═════ Data section ═════
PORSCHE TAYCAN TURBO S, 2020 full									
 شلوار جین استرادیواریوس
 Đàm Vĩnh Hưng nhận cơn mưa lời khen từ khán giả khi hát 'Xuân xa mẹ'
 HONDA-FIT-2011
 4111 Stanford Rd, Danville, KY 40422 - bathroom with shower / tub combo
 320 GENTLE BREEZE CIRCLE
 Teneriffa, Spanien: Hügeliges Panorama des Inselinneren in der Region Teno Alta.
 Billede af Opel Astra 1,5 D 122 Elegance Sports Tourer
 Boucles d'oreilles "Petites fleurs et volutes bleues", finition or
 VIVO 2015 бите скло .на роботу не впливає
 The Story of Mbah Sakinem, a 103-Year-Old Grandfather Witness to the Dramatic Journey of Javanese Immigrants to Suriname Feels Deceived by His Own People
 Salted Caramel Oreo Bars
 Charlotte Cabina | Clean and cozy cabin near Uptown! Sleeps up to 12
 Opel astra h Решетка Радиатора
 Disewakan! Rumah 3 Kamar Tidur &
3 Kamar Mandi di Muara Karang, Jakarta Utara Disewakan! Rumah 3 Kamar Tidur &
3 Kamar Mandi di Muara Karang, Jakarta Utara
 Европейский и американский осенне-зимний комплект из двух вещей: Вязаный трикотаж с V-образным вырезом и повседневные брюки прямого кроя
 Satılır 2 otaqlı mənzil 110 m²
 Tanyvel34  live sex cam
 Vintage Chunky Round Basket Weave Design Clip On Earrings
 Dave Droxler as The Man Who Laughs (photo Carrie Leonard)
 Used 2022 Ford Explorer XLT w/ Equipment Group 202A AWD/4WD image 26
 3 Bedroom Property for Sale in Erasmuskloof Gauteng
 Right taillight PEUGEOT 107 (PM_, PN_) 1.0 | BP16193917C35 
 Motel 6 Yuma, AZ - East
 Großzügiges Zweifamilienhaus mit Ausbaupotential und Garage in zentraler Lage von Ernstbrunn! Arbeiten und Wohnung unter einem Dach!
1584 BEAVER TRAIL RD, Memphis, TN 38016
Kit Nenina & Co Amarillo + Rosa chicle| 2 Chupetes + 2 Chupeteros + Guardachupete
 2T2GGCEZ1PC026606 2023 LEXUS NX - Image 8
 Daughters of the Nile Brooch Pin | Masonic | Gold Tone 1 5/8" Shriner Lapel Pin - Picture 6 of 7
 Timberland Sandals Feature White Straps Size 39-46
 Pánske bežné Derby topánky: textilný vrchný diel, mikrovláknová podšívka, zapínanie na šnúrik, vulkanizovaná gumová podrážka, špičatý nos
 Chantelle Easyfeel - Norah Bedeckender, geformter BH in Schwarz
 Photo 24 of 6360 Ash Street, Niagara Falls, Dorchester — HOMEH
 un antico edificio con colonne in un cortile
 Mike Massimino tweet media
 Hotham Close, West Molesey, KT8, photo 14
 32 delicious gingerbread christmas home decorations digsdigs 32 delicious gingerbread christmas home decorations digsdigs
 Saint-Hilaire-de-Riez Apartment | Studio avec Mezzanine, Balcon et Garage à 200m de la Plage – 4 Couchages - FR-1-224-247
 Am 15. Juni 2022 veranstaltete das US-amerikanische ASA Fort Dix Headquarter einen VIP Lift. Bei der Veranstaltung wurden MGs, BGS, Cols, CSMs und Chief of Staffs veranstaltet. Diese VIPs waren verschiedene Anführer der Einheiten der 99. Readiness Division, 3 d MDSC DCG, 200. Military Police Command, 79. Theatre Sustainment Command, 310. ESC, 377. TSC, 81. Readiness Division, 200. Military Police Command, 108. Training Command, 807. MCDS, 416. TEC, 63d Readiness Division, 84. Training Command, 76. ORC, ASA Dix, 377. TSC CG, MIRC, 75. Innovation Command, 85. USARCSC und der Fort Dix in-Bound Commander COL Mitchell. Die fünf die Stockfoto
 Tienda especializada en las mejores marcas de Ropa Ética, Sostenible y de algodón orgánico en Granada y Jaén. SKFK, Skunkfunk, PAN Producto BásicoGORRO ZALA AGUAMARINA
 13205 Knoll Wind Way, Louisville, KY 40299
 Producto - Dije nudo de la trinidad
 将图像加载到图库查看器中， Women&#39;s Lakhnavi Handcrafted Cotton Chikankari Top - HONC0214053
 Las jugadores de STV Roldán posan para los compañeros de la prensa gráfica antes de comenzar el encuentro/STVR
═════
• Directions for this task: Take the entries above and transcribe them exactly.

• Completed exercise:
PORSCHE TAYCAN TURBO S, 2020 full									
 شلوار جین استرادیواریوس
 Đàm Vĩnh Hưng nhận cơn mưa lời khen từ khán giả khi hát 'Xuân xa mẹ'
 HONDA-FIT-2011
 4111 Stanford Rd, Danville, KY 40422 - bathroom with shower / tub combo
 320 GENTLE BREEZE CIRCLE
 Teneriffa, Spanien: Hügeliges Panorama des Inselinneren in der Region Teno Alta.
 Billede af Opel Astra 1,5 D 122 Elegance Sports Tourer
 Boucles d'oreilles "Petites fleurs et volutes bleues", finition or
 VIVO 2015 бите скло .на роботу не впливає
 The Story of Mbah Sakinem, a 103-Year-Old Grandfather Witness to the Dramatic Journey of Javanese Immigrants to Suriname Feels Deceived by His Own People
 Salted Caramel Oreo Bars
 Charlotte Cabina | Clean and cozy cabin near Uptown! Sleeps up to 12
 Opel astra h Решетка Радиатора
 Disewakan! Rumah 3 Kamar Tidur &
3 Kamar Mandi di Muara Karang, Jakarta Utara Disewakan! Rumah 3 Kamar Tidur &
3 Kamar Mandi di Muara Karang, Jakarta Utara
 Европейский и американский осенне-зимний комплект из двух вещей: Вязаный трикотаж с V-образным вырезом и повседневные брюки прямого кроя
 Satılır 2 otaqlı mənzil 110 m²
 Tanyvel34  live sex cam
 Vintage Chunky Round Basket Weave Design Clip On Earrings
 Dave Droxler as The Man Who Laughs (photo Carrie Leonard)
 Used 2022 Ford Explorer XLT w/ Equipment Group 202A AWD/4WD image 26
 3 Bedroom Property for Sale in Erasmuskloof Gauteng
 Right taillight PEUGEOT 107 (PM_, PN_) 1.0 | BP16193917C35 
 Motel 6 Yuma, AZ - East
 Großzügiges Zweifamilienhaus mit Ausbaupotential und Garage in zentraler Lage von Ernstbrunn! Arbeiten und Wohnung unter einem Dach!
1584 BEAVER TRAIL RD, Memphis, TN 38016
Kit Nenina & Co Amarillo + Rosa chicle| 2 Chupetes + 2 Chupeteros + Guardachupete
 2T2GGCEZ1PC026606 2023 LEXUS NX - Image 8
 Daughters of the Nile Brooch Pin | Masonic | Gold Tone 1 5/8" Shriner Lapel Pin - Picture 6 of 7
 Timberland Sandals Feature White Straps Size 39-46
 Pánske bežné Derby topánky: textilný vrchný diel, mikrovláknová podšívka, zapínanie na šnúrik, vulkanizovaná gumová podrážka, špičatý nos
 Chantelle Easyfeel - Norah Bedeckender, geformter BH in Schwarz
 Photo 24 of 6360 Ash Street, Niagara Falls, Dorchester — HOMEH
 un antico edificio con colonne in un cortile
 Mike Massimino tweet media
 Hotham Close, West Molesey, KT8, photo 14
 32 delicious gingerbread christmas home decorations digsdigs 32 delicious gingerbread christmas home decorations digsdigs
 Saint-Hilaire-de-Riez Apartment | Studio avec Mezzanine, Balcon et Garage à 200m de la Plage – 4 Couchages - FR-1-224-247
 Am 15. Juni 2022 veranstaltete das US-amerikanische ASA Fort Dix Headquarter einen VIP Lift. Bei der Veranstaltung wurden MGs, BGS, Cols, CSMs und Chief of Staffs veranstaltet. Diese VIPs waren verschiedene Anführer der Einheiten der 99. Readiness Division, 3 d MDSC DCG, 200. Military Police Command, 79. Theatre Sustainment Command, 310. ESC, 377. TSC, 81. Readiness Division, 200. Military Police Command, 108. Training Command, 807. MCDS, 416. TEC, 63d Readiness Division, 84. Training Command, 76. ORC, ASA Dix, 377. TSC CG, MIRC, 75. Innovation Command, 85. USARCSC und der Fort Dix in-Bound Commander COL Mitchell. Die fünf die Stockfoto
 Tienda especializada en las mejores marcas de Ropa Ética, Sostenible y de algodón orgánico en Granada y Jaén. SKFK, Skunkfunk, PAN Producto BásicoGORRO ZALA AGUAMARINA
 13205 Knoll Wind Way, Louisville, KY 40299
 Producto - Dije nudo de la trinidad
 将图像加载到图库查看器中， Women&#39;s Lakhnavi Handcrafted Cotton Chikankari Top - HONC0214053
 Las jugadores de STV Roldán posan para los compañeros de la prensa gráfica antes de comenzar el encuentro/STVR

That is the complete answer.